Segundo o Eurobarómetro, 77% dos europeus preferem reparar os seus produtos a substituí-los. E um estudo da Comissão Europeia prova que 64% dos consumidores escolhem reparar os seus produtos estragados ou danificados; os 36% que não o escolhem fazem-no por o preço da reparação ser superior ao do produto novo.

Há assim, cada vez mais, uma preferência individual pela reparação. Isso permite poupanças, ao prolongar a vida útil dos produtos, bem como conservar os produtos a que já estamos habituados.

Além disso, há também razões ambientais. O aumento da longevidade dos produtos ajuda a amortizar o custo ambiental despendido no momento da produção e reduz os resíduos. Estima-se que os resíduos eletrónicos estejam a crescer a 3-5% ao ano e sejam uma das fontes de resíduos em maior crescimento na UE, segundo dados do Eurostat.
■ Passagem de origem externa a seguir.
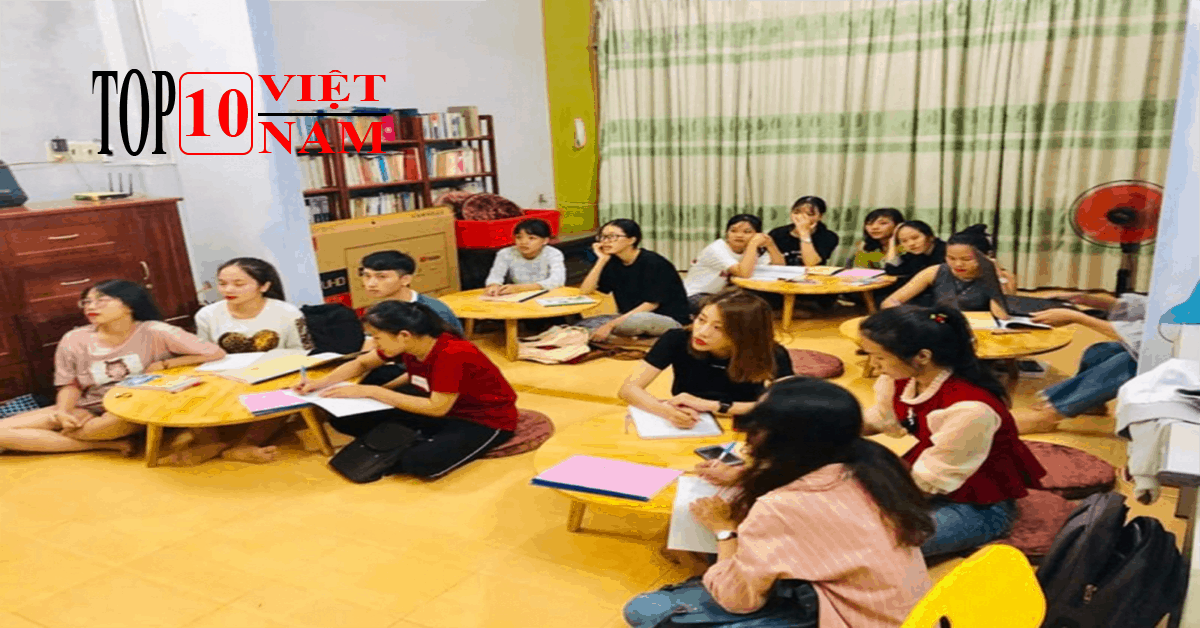 Trung Tâm Luyện IELTS Quốc Hưng Tại Phú Yên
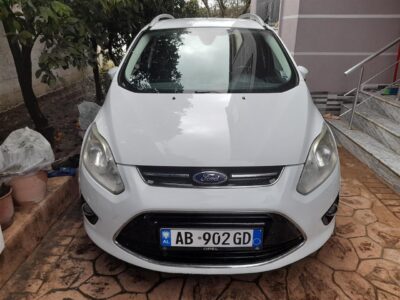 SHITET+NDRROHET FORD GRAN-C MAX VITI 12 2D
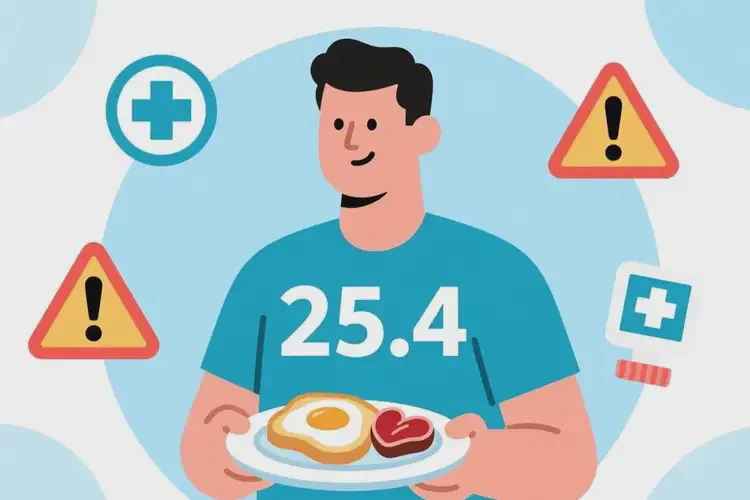 男人早餐血糖25(圖2)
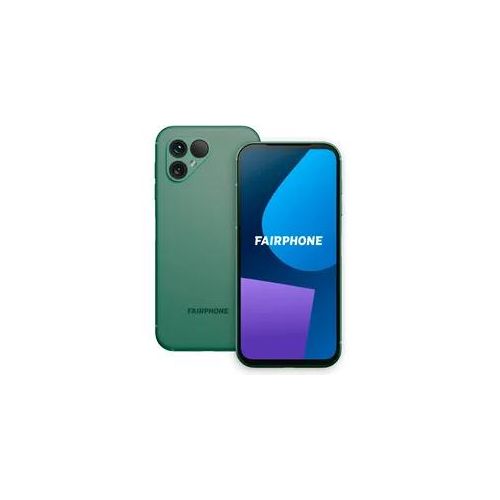 FAIRPHONE Smartphone 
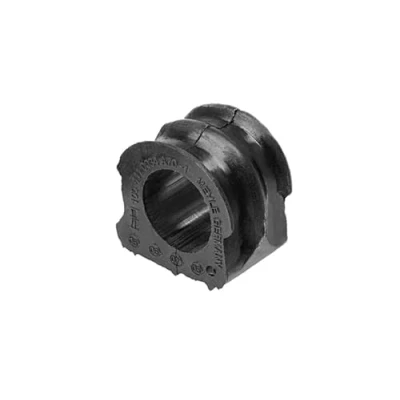 Image of 1J0411314G Stabilizer Bushes MEYLE 100 411 0034 Front Axle Left, Right 23mm ORIGINAL Quality VOLKSWAGEN: Golf 4, New Beetle Hatchback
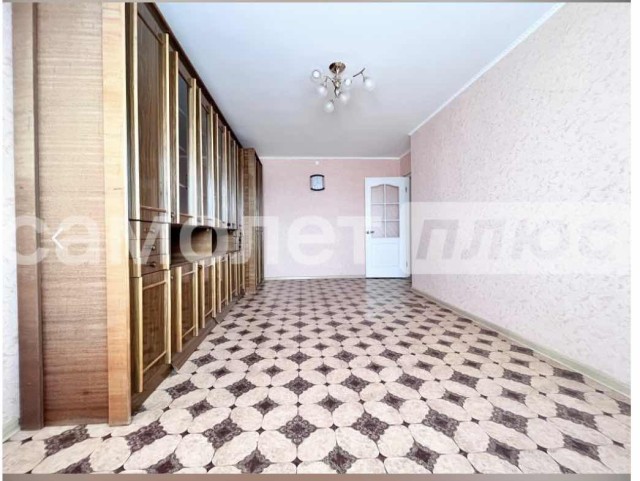 2 комн., 45 м², Блочный, Жатай 5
Naturalmente, é sempre necessário proceder a um equilíbrio entre a longevidade de um produto e a sua troca por outro mais inovador e mais amigo do ambiente.

Finalmente, prolongar a vida dos produtos pode ajudar a criar empregos especializados e com implantação local nas comunidades. Estudos do Parlamento e da Comissão Europeia estimam que a possível perda de emprego, causadas pela redução do volume de compras de produtos novos, seria largamente ultrapassada pela criação de novos empregos qualificados de proximidade e dificilmente relocalizáveis.
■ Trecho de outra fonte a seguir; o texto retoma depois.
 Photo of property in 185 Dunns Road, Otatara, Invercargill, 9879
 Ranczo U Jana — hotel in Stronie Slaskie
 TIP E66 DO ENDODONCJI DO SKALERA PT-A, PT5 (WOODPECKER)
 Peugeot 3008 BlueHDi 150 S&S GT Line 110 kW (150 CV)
A resolução do Parlamento Europeu de Novembro de 2020, “Em direção a um mercado único mais sustentável para as empresas e os consumidores”, foi muito clara na sua orientação. É preciso estabelecer um “direito de reparação” dos consumidores, com vista a tornar as reparações sistemáticas, economicamente viáveis e atrativas.
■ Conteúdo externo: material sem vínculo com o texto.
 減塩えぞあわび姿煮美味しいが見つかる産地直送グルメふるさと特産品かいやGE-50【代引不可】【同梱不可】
Isso significa, por exemplo, garantir a disponibilidade de peças de substituição ao longo do tempo esperado de vida dos produtos; garantir o acesso por parte de consumidores e reparadores independentes à informação necessária para a reparação dos produtos; encorajar interoperabilidade e normalização das peças, para facilitar disponibilidade e reduzir custo; criar um incentivo à opção pela reparação incluindo uma possibilidade de, em caso de reparação autorizada, renovação da garantia do produto; para garantir que o consumidor está informado, no momento da compra, da capacidade de reparação, da existência de peças e do seu custo, do tempo estimado de reparação, que se poderia concretizar na necessidade de os produtos serem acompanhados por um guia das avarias mais frequentes, formas de as reparar, custo e tempo estimado para o fazer.

Em suma, prolongar a vida dos produtos duradouros exige com certeza uma cultura diferente dos consumidores, que se aplica aos produtos que necessitam de reparação e a muitos outros cuja vida tornamos hoje em dia demasiado breve. Mas não basta. Para evitar a obsolescência programada e facilitar a reparação, são precisas regras dissuasoras, incentivos dirigidos a esse efeito e uma atitude diferente por parte dos produtores que seja ambientalmente responsável.